One factor contributing to the reduced reserves is that Chinese exporters are keeping more of the money they make abroad in dollars, rather than converting it to yuan, economists say.
A good example of market-responsive behavior.
Because the $225 billion figure is derived from broad economic statistics, it is impossible to say how much of the outflow is legitimate personal and corporate transactions and how much was moved illegally or was the product of illegal activities.
May I guess?
Who says you’re not legitimate?
Charlie Zhang, an agent in Shenzhen who matches wealthy mainlanders with real-estate investments abroad, says getting money out isn’t a problem.
“We suggest them to other people, some special channel, that can exchange money outside the banks, outside supervision,” Mr.

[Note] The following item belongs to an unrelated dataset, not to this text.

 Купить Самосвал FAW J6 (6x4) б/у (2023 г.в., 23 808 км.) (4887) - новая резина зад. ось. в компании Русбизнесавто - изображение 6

Zhang says. “It’s not hard for people to solve this problem.”
The ultimate whistling tea-kettle is Hong Kong, conveniently located right offshore:
A recent decision by Hong Kong’s highest court highlighted the territory’s role as a facilitator for mainland money to escape. [A defendant accused of fraud claimed she thought the money was part of a routine capital-escape money transfer and couldn’t be expected to know it had come from a mortgage fraud.] Hong Kong’s Court of Final Appeal agreed [and cleared her record].
The court said it was “not surprising” that she would “find it necessary” to use a money-transfer agent since she had to evade the mainland’s currency regulations in order to invest in Hong Kong’s stock market.
We don’t care how you get the money out of the country, just get it to America!